Migration change – first salvo or fix?

The Albanese Government’s new migration policy aims to rein in the number of new international students, with a series of measures which will mostly hit the VET sector hardest.

Regional universities, which already struggle to cleave international students from the bright lights of a city study stay, are likely to also suffer some reduced demand, but overall, the University sector has begrudgingly accepted the changes – perhaps recognising that any policy launch with the business council and ACTU standing on stage to jointly applaud is going to be tough to beat.

The big question is whether the Migration Strategy will effectively stem the tide of incoming students by weeding out visa manipulators with a Genuine Student Test, tougher English language tests and tougher post-study work right regulations, and a handful of other initiatives. This appears to remain a question also for the Government, which has reserved the right to introduce some form of international student caps if numbers don’t drop sufficiently.

A record 860,000 international students are enrolled in Australian education this year, with just under half enrolled in universities. While the latest wave of changes will surprise few, the big concern for the sector is whether it will face additional regulation on international student enrolments in the near future, alongside a range of other interventionist approaches forecast in the Accord.

If ever there was a doubt that the University sector had categorically failed to convince Australians of the value of international students in enriching classrooms, enhancing our workforce and networking our economy, this announcement should be the final nail in the coffin.

“Importantly, the strategy acknowledges how vital international education is to the economy and Australia’s prosperity. It makes us tens of billions of dollars each year, supports tens of thousands of jobs and helps pay for the essential services all Australians rely on,” Universities Australia Chief Executive Catriona Jackson said, welcoming the policy.

“We welcome further measures to preserve the integrity and strength of the education system while protecting students from unscrupulous operators seeking to exploit them for personal gain.”

Overall, the new Migration Policy has been widely welcomed, with UA saying it had worked closely with the government and adding at the end of its statement that international students were valued.

“Universities Australia has engaged deeply with government on the development of the migration strategy and will continue to do so through its implementation as we all work toward a better migration system that underpins a flourishing multicultural nation,” Ms Jackson said.

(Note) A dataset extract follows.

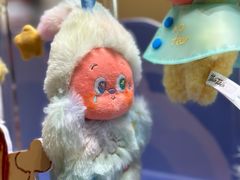 -泡泡玛特POPMART(苏州诚品生活店)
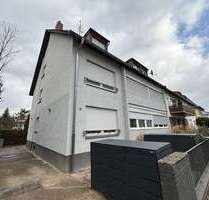 Wohnung zum Kaufen in Mannheim Wallstadt 125.000,00 € 35 m² - Mannheim / Wallstadt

Higher Education policy expert Professor Andrew Norton said that the migration policy changes were well thought through, but would “make life more difficult for universities relying on migration-motivated international students.”

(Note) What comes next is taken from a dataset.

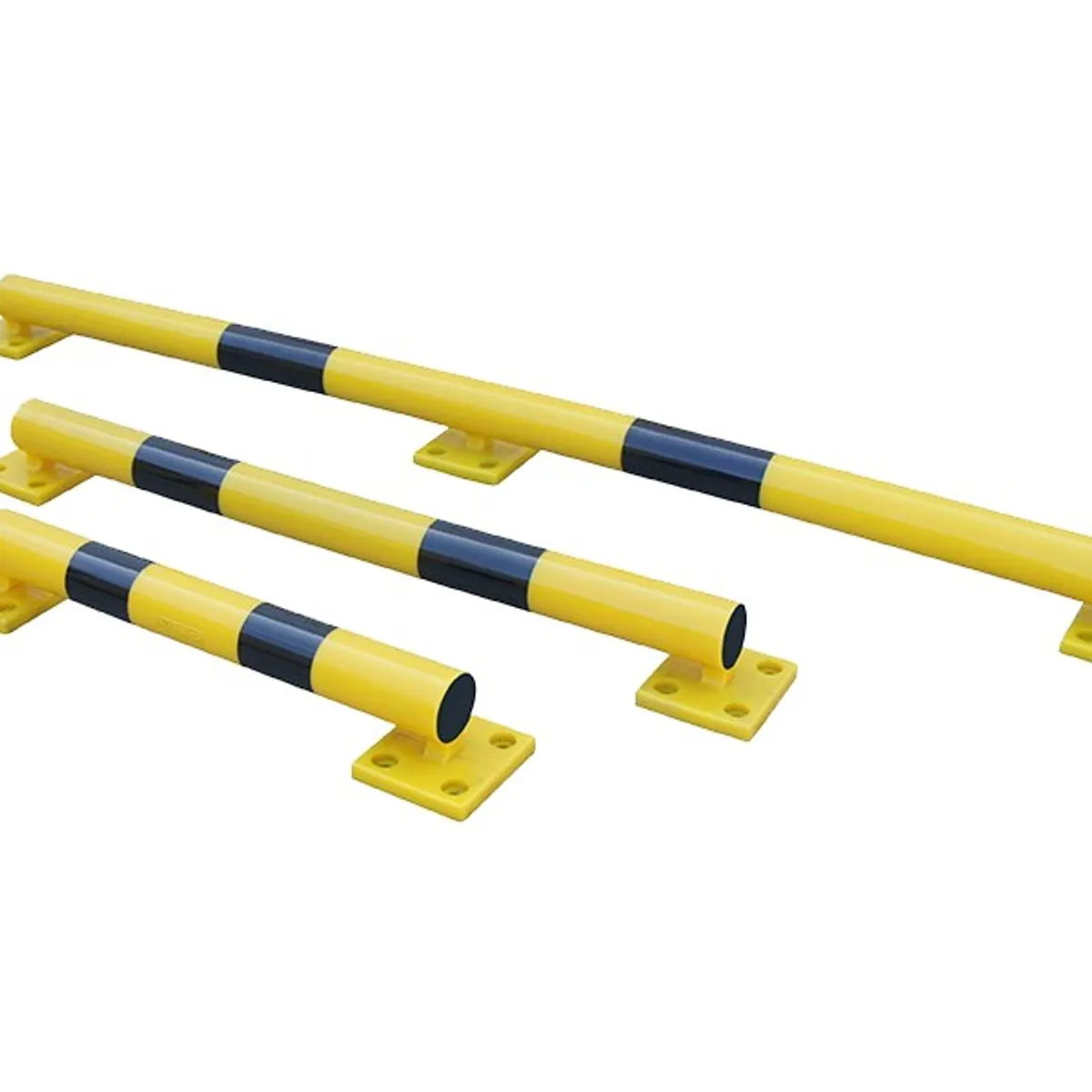 Lisse basse à Mémoire de Forme -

“Regional study … is deemed a ‘poor predictor’ of labour market success. This is potentially significant for regional universities,” Professor Norton writes.

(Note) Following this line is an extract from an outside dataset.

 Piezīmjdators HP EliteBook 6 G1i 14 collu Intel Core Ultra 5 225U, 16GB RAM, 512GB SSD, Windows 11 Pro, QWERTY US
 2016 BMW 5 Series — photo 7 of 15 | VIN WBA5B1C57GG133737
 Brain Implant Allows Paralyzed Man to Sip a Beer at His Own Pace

However, the Regional Universities Network welcomed the migration reforms, with Executive Director of RUN Alec Webb saying his team would be working with the Government on permanent skilled migration and regional migration discussion papers in 2024.

International education researcher Professor Ly Tran noted that the maximum age for a temporary graduate visa will be reduced by 15 years to 35. “This is unreasonable and will make many (if not the majority of) international PhD graduates ineligible for temporary graduate visas,” Professor Tran noted.

“Irony as these graduates hold the highest qualification and great potential to contribute to Australia.”